About 300 people marched through Santa Ana on Saturday to protest sweeps by the Immigration and Naturalization Service, saying that the agency is ignoring a new law that will grant amnesty to many living here illegally.
"The INS continues to roam the streets of cities like Santa Ana, Anaheim and Costa Mesa looking for hard-working and law-abiding people to harass," Father Allan Figueroa Deck told the marchers. "In many cases, the very people the INS continues to chase are the very ones to whom the government of the United States is offering legalization."
The marchers, mostly young people from Roman Catholic churches in the area, said the INS raids violate the spirit of the law recently passed by Congress that, starting next year, grants legal resident status to those who can prove that they have lived continuously in the United States since at least Jan. 1, 1982. It also calls for sanctions against employers who knowingly hire illegal aliens.
INS Regional Commissioner Harold Ezell said the protesters would do better to spend their time "informing the community on what their rights and privileges are under the reform act, instead of doing useless things like the walk today."
Although Latino activists said there have been raids in Santa Ana as recently as last Friday, Ezell said he knew of none in the last few weeks. But the INS does not plan to halt its sweeps, Ezell said.

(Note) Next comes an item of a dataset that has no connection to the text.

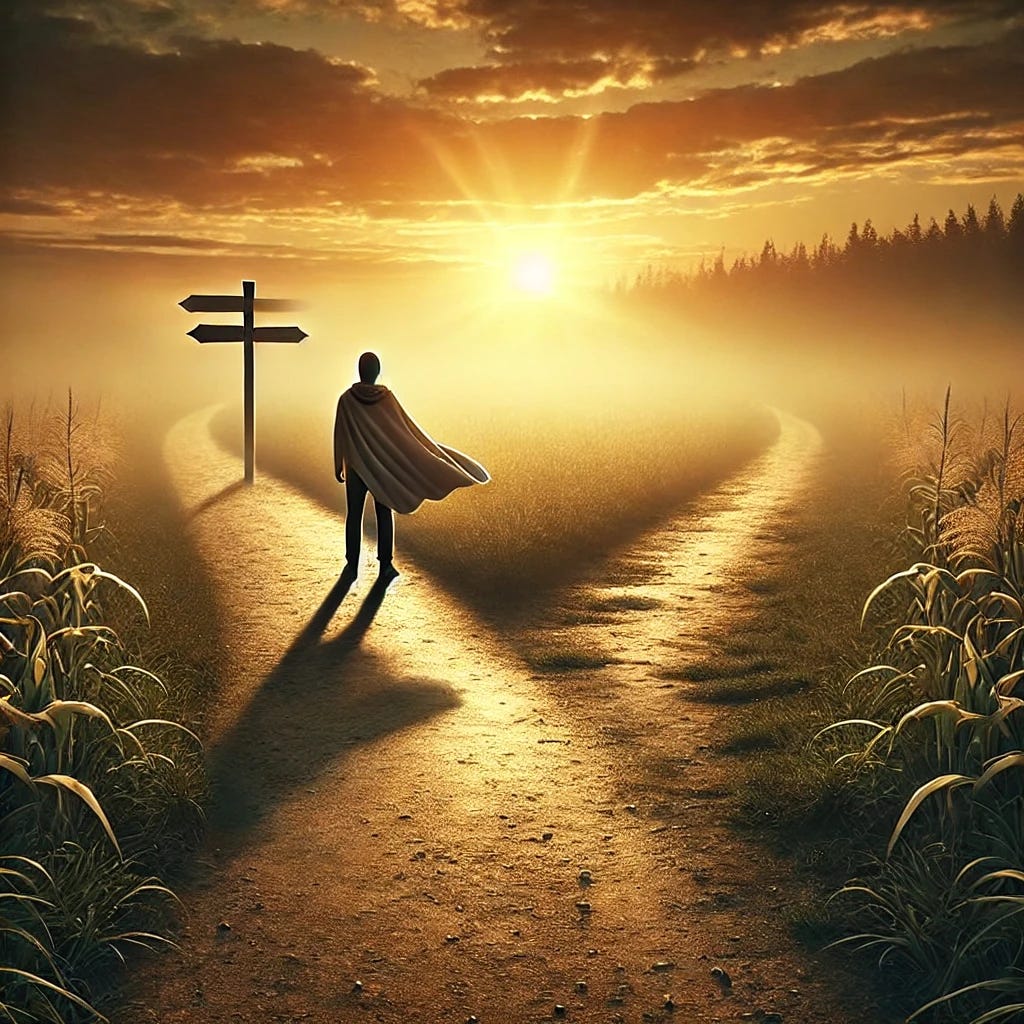 A lone figure stands at a fork in the road at sunrise, symbolizing a moment of decision. The paths are made of earth, not paved. One path is well-trodden and smooth, while the other is rugged, overgrown, and difficult to pass. The figure, wearing a simple cloak, takes a step onto the difficult path, embodying the courage to break habits and embrace challenge. The rising sun bathes the scene in golden light, symbolizing transformation and new beginnings. The wind stirs the figure’s cloak, emphasizing motion and determination. There is no signpost or marker in the scene.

The INS also will continue to respond to citizens' complaints of congregations of illegal aliens, Ezell said. Meanwhile, immigration officers are seeking suggestions from the Latino community on what can be done to help those eligible under the new amnesty law.
"We're interested in getting as many people through the legalization as are entitled to it," Ezell said.
But the marchers said INS agents also are apprehending amnesty candidates.
In addition, Santa Ana downtown businessmen have accused the INS of creating a semi-ghost town by driving away their customers with raids. The Santa Ana City Council earlier this month joined the business owners in a letter to President Reagan asking that the INS sweeps be halted.